Summary

Our Score

6/10

User Score

Review Price free/subscription

Belkin was one of the first networking vendors to deliver a router that supported the draft 802.11n wireless standard and yet it’s only now that it has launched a version that incorporates an ADSL modem. If it’s style you’re after then the N1 Wireless Modem Router has what it takes, as this sleek slab of plastic has a highly polished black top panel. Its row of bright blue status indicators have a lot more to say than the average wireless router.

The triplet of non-removable aerials indicates MIMO is in action for wireless operations but there’s not much to see at the back, though, as you have the standard set of four switched Fast Ethernet ports, an ADSL 2/2+ modem port and a unit reset button. Belkin is so proud of the router’s status indicators that it has submitted a patent for them. Instead of boring little dots you get a backlit graphic for each function which shows clearly what the router is doing. When you apply power the icons flash to show progress of the boot-up phase and modem connection status and if any problems are detected the relevant icon turns orange.



Belkin’s installation routine veers from the norm so don’t try and plug it in and access it immediately with a web browser as you won’t get anywhere. You need to run the CD-ROM based setup utility first which will search for the router and request your ISP details, set up the wireless access point and reboot the unit ready for use. This process changes the router’s default IP address to the one listed in the manual and sets up the DHCP server to provide addresses in the same range. The setup routine only take few minutes to run after which you can then access the web browser management interface.

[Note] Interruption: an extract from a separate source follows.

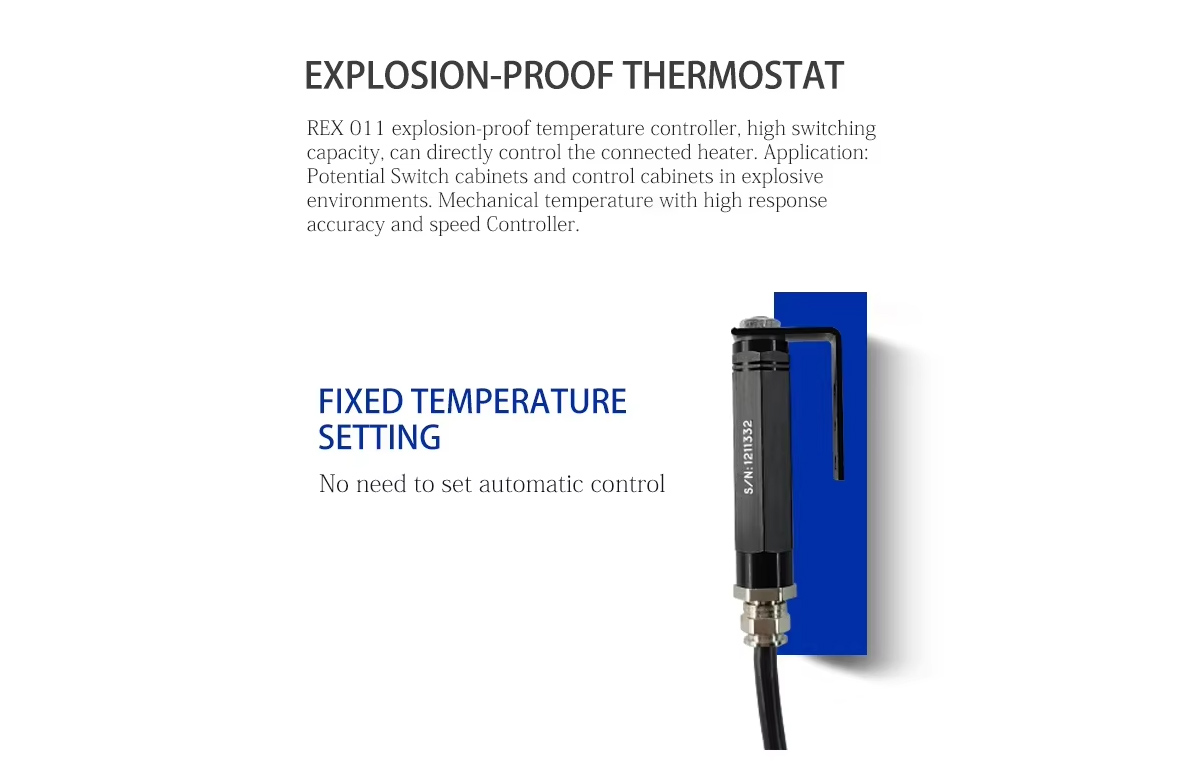 EXPLOSION-PROOF THERMOSTAT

It soon becomes apparent that despite the above average price the router is a little short on features. You get the standard NAT/SPI firewall, which you can enable or disable for whatever reason and create up to twenty virtual server entries for routing certain inbound traffic to specific systems identified by their IP address. A single system can be placed in a DMZ where it circumvents the firewall and you can stop the WAN port responding to Pings from the Internet. The client IP filter feature could be useful as it enables you to designate ranges of IP addresses on the LAN and restrict access to the Internet or particular services permanently or to a basic schedule.